METHOD AND SYSTEM FOR MATCHING 2D HUMAN POSES FROM MULTIPLE VIEWS
20230215043 · 2023-07-06
Inventors
Cpc classification
G06V40/103
PHYSICS
G06V30/1904
PHYSICS
G06V20/52
PHYSICS
G06V30/19067
PHYSICS
International classification
G06V40/10
PHYSICS
G06T7/246
PHYSICS
Abstract
This disclosure is directed to a method and system for matching human pose data in the form of 2D skeletons for the purposes of 3D reconstruction. The system may comprise a scoring module that assigns an affinity score to each pair of cross-view 2D skeletons, a matching module that assigns optimal pairwise matches based on the affinity scores, a grouping module that assigns each 2D skeleton to a group such that each group corresponds to a unique person, based on the pairwise matches; and a temporal consistency module that assigns each group an ID that maintains correspondence to the same person over the multi-video sequence.
Claims
1. A method of identifying humans between two or more camera views from two-dimensional (2D) skeletons of the humans of each view, the method comprising: a) for each skeleton in each of the two or more camera views, performing a pairwise scoring with each of the skeletons in another of the two or more camera views and assigning an affinity score to each pair; b) identifying a best match of a skeleton in a first camera view to a skeleton in a second camera view by maximizing the affinity score of the pair; c) grouping skeletons by identifying a set of skeletons in a first camera view, the set relating to the humans in the first camera view, with a set of skeletons in a second camera view using the best match; and d) assigning an identifier to each skeleton in the grouped skeletons in a frame of the two or more camera views and assigning the same identifier to each skeleton in the grouped skeletons in a subsequent frame of the two or more camera views that match.
2. (canceled)
3. A method of identifying humans between two or more camera views from two-dimensional (2D) skeletons of the humans of each view, the method comprising: a) for each skeleton in each of the two or more camera views, performing a pairwise scoring with each of the skeletons in another of the two or more camera views and assigning an affinity score to each pair, wherein the pairwise scoring of a pair of skeletons from a pair of camera views comprises modelling a ray from each camera view to an element of the 2D skeleton associated with the camera view and determining the minimum distance between the two rays; b) identifying a best match of a skeleton in a first camera view to a skeleton in a second camera view by maximizing the affinity score of the pair; and c) grouping skeletons by identifying a set of skeletons in a first camera view, the set relating to the humans in the first camera view, with a set of skeletons in a second camera view using the best match.

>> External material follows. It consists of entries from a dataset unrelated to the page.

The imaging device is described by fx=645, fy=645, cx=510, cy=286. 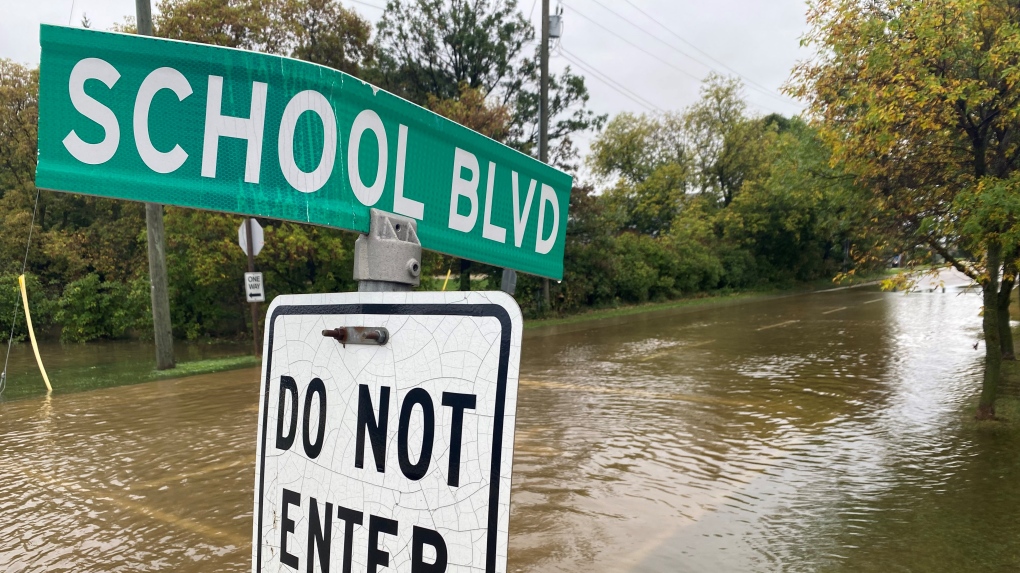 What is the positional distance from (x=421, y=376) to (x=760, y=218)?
120 ft

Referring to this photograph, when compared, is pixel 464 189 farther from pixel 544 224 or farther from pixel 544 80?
pixel 544 80

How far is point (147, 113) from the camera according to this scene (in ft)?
4.13

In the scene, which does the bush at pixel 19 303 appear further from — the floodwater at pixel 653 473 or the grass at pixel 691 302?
the grass at pixel 691 302

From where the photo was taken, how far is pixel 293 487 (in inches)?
57.9

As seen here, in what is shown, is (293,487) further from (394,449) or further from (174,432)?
(174,432)

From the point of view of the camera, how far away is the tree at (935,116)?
636 cm

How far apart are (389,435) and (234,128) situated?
712 millimetres

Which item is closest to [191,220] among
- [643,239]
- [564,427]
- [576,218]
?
[576,218]

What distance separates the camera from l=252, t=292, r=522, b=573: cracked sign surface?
3.75 feet

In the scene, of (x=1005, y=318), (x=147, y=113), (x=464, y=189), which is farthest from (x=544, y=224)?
(x=1005, y=318)

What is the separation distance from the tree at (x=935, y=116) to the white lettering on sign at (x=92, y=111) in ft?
23.3

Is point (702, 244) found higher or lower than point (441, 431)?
higher

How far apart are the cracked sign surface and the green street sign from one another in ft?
0.91

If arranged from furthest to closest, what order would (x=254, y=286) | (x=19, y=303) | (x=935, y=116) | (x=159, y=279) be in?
(x=19, y=303)
(x=254, y=286)
(x=159, y=279)
(x=935, y=116) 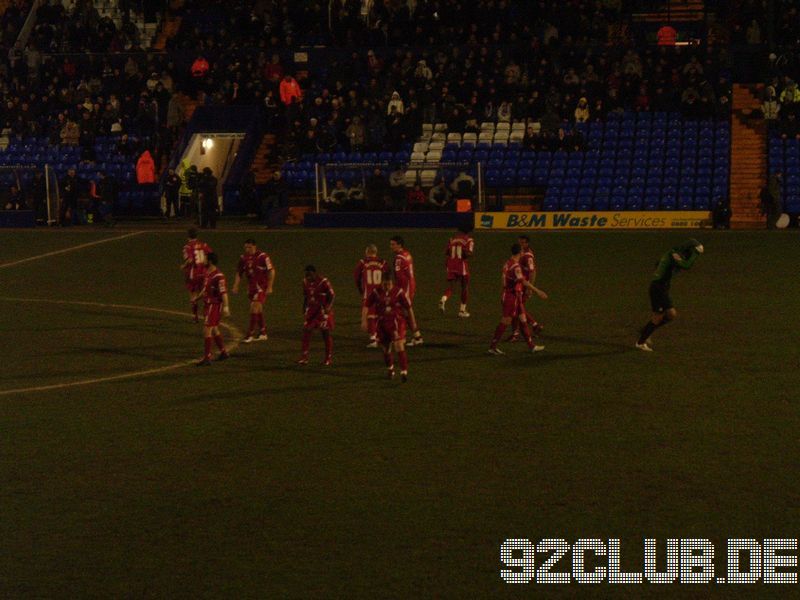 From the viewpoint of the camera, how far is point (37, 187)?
153 feet

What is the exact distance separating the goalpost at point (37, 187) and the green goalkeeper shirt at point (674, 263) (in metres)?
31.6

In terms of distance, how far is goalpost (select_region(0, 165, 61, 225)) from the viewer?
46.8 m

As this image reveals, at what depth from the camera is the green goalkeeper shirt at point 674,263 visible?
19.6m

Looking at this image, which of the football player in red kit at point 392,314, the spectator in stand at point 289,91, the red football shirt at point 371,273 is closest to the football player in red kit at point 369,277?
the red football shirt at point 371,273

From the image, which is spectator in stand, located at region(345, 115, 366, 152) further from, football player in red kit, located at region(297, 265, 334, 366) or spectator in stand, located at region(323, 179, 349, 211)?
football player in red kit, located at region(297, 265, 334, 366)

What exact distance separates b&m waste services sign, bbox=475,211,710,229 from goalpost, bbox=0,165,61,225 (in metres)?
16.1

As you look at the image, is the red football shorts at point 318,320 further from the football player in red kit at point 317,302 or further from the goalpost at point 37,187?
the goalpost at point 37,187

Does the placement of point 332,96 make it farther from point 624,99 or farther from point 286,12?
point 624,99

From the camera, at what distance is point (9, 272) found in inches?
1294

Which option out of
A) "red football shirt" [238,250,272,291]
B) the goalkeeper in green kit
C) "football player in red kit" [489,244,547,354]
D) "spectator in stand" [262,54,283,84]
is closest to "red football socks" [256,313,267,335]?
"red football shirt" [238,250,272,291]

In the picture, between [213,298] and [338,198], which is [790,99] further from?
[213,298]

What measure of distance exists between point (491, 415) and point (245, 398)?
135 inches

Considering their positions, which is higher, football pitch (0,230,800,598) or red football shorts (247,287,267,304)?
red football shorts (247,287,267,304)

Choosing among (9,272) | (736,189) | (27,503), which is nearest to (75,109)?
(9,272) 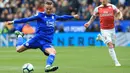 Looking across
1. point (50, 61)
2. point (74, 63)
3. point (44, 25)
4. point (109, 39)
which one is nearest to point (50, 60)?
point (50, 61)

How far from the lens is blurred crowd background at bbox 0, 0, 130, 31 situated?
32.8 metres

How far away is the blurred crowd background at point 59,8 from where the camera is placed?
32834mm

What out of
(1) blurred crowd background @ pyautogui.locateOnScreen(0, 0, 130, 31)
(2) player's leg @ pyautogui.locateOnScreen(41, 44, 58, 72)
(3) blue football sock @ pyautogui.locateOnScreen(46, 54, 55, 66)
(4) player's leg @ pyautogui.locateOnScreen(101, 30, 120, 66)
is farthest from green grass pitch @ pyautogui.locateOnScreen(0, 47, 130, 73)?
(1) blurred crowd background @ pyautogui.locateOnScreen(0, 0, 130, 31)

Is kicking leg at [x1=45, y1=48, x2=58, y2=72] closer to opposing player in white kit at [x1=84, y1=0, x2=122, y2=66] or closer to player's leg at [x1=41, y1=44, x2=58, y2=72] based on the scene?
player's leg at [x1=41, y1=44, x2=58, y2=72]

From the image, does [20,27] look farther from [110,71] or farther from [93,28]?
[110,71]

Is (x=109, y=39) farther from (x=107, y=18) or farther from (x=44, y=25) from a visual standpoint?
(x=44, y=25)

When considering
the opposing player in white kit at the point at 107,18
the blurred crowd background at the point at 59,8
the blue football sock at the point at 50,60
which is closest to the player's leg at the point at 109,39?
the opposing player in white kit at the point at 107,18

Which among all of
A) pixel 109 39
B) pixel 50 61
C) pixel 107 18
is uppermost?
pixel 107 18

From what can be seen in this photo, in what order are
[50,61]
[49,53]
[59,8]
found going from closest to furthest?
[50,61] → [49,53] → [59,8]

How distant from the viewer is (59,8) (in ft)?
111

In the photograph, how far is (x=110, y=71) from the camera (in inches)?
592

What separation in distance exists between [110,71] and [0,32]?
18.5m

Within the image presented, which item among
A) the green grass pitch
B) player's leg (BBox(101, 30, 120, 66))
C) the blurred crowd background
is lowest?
the blurred crowd background

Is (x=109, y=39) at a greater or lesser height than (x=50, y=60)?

4. The method of claim 3 wherein if the rays are divergent, the pair is not included in the affinity score.
5. The method of claim 3 wherein the pairwise scoring of a pair of skeletons from a pair of camera views further comprises excluding elements where the minimum distance between the two rays exceeds a threshold.
6. The method of claim 3 wherein the pairwise scoring of a pair of skeletons from a pair of camera views further comprises determining a deviation of attributes of a putative three-dimensional (3D) skeleton formed from the 2D skeletons from a typical human.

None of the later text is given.